US Airways extended its advance after the pilot vote, rising 4.5 percent to $10.39 at 3:40 p.m. in New York. The shares have almost doubled this year through Tuesday to lead gains among U.S. carriers.
“We are disappointed with the outcome of today’s APA voting results, as ratification of the pilot tentative agreement would have been an important step forward,” said Bruce Hicks, an American spokesman. “We must now await a ruling by Judge Lane that will allow the company to implement the changes necessary to move forward in our restructuring.”
US Airways declined to comment on the pilot vote, said Todd Lehmacher, a spokesman.
American has more than 8,000 pilots, who are considered a bellwether work group in airline labor negotiations because they are the highest-paid union employees.
Many APA members “had a hard time” voting for the contract because they perceived it as a show of support for Chief Executive Officer Tom Horton, even though an accord would produced “the shortest route to a US Airways merger,” Tom Hoban, a union spokesman, said in an interview.

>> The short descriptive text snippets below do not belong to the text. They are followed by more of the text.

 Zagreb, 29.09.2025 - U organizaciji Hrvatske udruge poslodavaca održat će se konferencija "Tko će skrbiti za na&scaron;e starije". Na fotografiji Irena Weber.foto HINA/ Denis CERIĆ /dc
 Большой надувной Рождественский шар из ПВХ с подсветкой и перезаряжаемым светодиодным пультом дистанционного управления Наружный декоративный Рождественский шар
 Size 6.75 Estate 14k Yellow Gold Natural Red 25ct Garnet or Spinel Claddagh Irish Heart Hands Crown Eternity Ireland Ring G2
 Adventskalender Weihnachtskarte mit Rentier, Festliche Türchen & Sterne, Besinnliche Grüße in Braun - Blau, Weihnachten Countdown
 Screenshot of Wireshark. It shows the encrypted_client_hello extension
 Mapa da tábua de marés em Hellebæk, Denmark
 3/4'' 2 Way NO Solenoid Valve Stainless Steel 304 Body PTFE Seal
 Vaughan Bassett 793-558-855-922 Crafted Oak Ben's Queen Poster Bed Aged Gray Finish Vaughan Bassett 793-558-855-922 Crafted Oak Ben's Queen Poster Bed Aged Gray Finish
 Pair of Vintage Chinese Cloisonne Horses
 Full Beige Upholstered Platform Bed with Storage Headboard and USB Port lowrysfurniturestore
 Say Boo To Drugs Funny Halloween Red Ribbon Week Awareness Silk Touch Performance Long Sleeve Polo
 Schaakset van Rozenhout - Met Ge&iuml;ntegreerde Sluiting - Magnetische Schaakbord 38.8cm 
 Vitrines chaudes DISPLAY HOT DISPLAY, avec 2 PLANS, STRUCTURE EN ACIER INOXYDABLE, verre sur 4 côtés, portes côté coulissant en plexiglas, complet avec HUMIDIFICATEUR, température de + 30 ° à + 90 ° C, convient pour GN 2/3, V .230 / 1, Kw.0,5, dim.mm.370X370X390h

Mechanics accepted their contract with 50.3 percent of the vote, and aircraft stock clerks voted 79 percent for their accord, according to the Transport Workers Union. American has about 11,000 mechanics and 1,200 clerks who restock planes.
“Nobody is happy with a concessionary agreement, and our members are still waiting to see a business plan that instills confidence,” TWU International President Jim Little said in a statement. “But this result is a lot better than what our members would have faced with a court-imposed solution.”
AMR had pared its demands in the latest proposals to unions because reaching consensual accords would speed progress through Chapter 11. Even if Lane permits new terms to be imposed on pilots, AMR would still need to win a long-term labor deal with the union.
“It potentially lengthens the bankruptcy process,” Avondale’s Lowrance said of the pilots’ refusal. He rates US Airways as market outperform.
Flight attendants will finish balloting Aug. 19 on American’s last offer, while five other TWU groups including baggage handlers and other airport ground workers approved contracts on May 15.
The pilot rejection builds on American’s history of union- management discord, which includes a failure to reach a contract agreement in more than five years of negotiations that preceded AMR’s Nov. 29 bankruptcy filing.
“It all comes down to just the absolute toxic nature of the relationship with management,” said Robert Mann, a former American executive who is now president of consultant R.W. Mann & Co. in Port Washington, New York. “It has a lot to say about the ultimate success of a stand-alone plan with that degree of discord with the front line.”
Under the proposal voted down by pilots, union members would have received a 13.5 percent equity stake in AMR after its restructuring and not faced any furloughs, instead of the 400 initially planned by the third-largest U.S. airline.
“It’s a combination of things, and a lot of it has to do with the anger and frustration that’s really been pent up since the 2003 near-bankruptcy contract,” APA’s Hoban said. American won $1.6 billion in concessions from union employees that year to avoid a Chapter 11 filing only to end up in court in 2011.
“You’ve got a group that’s simply not willing to give any more in that regard,” Hoban said.
The agreement ratified by the TWU’s mechanics reduced concessions made by that work group to $156 million from $210 million, while givebacks for aircraft clerks fell by $4.5 million to $13.6 million.
Mechanics will get a 3 percent pay increase when the six- year contract is signed. Clerks will receive a 3.5 percent boost.